Web page caption snippets
>>>
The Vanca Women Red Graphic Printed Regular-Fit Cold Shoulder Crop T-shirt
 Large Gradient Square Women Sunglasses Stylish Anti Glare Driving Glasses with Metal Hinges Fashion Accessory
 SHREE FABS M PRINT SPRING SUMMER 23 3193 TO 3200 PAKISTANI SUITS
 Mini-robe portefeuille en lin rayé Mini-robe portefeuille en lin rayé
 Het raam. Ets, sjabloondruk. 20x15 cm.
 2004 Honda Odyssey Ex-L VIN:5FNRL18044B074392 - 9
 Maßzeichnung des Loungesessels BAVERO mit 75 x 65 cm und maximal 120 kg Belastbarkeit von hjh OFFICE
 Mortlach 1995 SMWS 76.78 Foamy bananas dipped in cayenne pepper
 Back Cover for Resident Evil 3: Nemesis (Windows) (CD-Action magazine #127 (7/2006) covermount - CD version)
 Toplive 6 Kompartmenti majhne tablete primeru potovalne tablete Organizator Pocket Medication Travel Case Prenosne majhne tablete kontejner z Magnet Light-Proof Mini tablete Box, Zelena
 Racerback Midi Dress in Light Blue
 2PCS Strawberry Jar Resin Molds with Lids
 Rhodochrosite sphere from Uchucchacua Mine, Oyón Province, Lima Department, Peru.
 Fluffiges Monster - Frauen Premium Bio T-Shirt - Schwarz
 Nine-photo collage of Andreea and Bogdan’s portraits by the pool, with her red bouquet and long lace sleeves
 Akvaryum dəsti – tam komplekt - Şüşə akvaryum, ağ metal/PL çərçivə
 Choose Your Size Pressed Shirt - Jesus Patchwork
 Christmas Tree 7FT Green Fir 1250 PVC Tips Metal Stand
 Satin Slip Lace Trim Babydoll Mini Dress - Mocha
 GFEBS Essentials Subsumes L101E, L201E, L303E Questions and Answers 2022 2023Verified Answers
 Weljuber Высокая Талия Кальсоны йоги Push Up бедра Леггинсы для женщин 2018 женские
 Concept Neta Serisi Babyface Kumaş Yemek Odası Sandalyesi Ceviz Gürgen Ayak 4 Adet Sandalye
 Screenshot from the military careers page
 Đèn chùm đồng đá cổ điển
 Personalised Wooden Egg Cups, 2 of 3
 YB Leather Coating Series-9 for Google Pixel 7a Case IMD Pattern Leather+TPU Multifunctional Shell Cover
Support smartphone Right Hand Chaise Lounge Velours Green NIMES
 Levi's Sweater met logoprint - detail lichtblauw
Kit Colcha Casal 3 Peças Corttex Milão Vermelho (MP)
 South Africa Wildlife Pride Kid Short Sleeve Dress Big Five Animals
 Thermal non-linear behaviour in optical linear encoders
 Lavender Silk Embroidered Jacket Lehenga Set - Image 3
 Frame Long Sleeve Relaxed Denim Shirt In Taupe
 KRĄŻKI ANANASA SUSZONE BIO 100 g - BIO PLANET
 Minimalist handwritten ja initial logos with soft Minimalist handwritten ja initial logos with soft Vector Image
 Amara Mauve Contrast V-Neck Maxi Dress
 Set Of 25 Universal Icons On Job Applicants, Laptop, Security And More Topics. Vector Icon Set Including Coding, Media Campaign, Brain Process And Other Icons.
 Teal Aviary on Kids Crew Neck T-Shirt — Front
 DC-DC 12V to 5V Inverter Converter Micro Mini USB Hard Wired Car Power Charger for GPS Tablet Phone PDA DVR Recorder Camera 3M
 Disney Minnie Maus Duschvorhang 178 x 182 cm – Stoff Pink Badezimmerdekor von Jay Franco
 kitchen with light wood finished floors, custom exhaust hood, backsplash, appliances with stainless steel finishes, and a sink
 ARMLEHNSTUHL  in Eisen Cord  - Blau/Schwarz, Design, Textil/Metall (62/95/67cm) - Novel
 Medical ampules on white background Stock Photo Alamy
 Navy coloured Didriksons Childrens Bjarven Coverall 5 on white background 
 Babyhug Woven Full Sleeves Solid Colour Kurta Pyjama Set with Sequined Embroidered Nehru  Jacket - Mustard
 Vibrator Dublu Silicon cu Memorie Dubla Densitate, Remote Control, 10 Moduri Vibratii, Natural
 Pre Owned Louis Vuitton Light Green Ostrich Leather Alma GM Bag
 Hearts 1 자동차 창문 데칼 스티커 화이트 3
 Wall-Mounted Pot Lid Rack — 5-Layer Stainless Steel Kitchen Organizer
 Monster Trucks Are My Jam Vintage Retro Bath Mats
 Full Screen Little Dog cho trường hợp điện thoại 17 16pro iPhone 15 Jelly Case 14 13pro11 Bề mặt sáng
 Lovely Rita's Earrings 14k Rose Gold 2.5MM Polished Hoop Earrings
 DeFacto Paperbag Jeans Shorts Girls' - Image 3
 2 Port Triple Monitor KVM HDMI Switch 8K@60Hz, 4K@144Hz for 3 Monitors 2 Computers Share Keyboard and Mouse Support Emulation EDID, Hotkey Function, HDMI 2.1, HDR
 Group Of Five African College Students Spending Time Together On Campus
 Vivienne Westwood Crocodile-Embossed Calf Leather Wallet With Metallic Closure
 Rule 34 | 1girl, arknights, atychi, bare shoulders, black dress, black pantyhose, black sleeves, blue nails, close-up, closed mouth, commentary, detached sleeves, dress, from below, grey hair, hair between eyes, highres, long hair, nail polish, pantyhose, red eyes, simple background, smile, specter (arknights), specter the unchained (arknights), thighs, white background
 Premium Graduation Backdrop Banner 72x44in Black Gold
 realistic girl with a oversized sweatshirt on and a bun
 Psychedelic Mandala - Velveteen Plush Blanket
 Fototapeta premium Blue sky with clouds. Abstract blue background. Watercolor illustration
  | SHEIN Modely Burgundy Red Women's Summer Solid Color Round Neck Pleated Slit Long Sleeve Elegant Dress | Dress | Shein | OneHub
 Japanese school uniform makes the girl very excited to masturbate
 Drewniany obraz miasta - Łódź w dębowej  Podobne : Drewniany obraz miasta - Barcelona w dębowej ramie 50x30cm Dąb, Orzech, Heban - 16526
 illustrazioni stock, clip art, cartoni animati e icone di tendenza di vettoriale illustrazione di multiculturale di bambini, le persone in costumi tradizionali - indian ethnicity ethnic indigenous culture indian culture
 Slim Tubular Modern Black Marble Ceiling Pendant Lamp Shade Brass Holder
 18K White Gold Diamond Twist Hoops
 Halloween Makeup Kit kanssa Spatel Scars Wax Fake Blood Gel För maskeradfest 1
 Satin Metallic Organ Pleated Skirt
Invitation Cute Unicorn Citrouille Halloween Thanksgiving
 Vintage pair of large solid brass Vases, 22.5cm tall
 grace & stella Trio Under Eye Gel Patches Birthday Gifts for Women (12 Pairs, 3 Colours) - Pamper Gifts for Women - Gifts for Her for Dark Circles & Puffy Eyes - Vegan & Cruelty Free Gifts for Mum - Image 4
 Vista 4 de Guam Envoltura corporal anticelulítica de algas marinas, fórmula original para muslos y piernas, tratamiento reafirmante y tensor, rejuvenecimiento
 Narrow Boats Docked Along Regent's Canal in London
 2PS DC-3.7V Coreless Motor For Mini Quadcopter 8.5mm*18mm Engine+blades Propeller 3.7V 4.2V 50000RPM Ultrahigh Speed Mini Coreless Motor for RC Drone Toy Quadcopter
<<<
◆ What this task involves
The required answer is the exact run of lines above starting at the line with "Fototapeta premium Blue" and ending at the line with "Drewniany obraz miasta - Łódź", with both ends present.

◆ Problem solution
 Fototapeta premium Blue sky with clouds. Abstract blue background. Watercolor illustration
  | SHEIN Modely Burgundy Red Women's Summer Solid Color Round Neck Pleated Slit Long Sleeve Elegant Dress | Dress | Shein | OneHub
 Japanese school uniform makes the girl very excited to masturbate
 Drewniany obraz miasta - Łódź w dębowej  Podobne : Drewniany obraz miasta - Barcelona w dębowej ramie 50x30cm Dąb, Orzech, Heban - 16526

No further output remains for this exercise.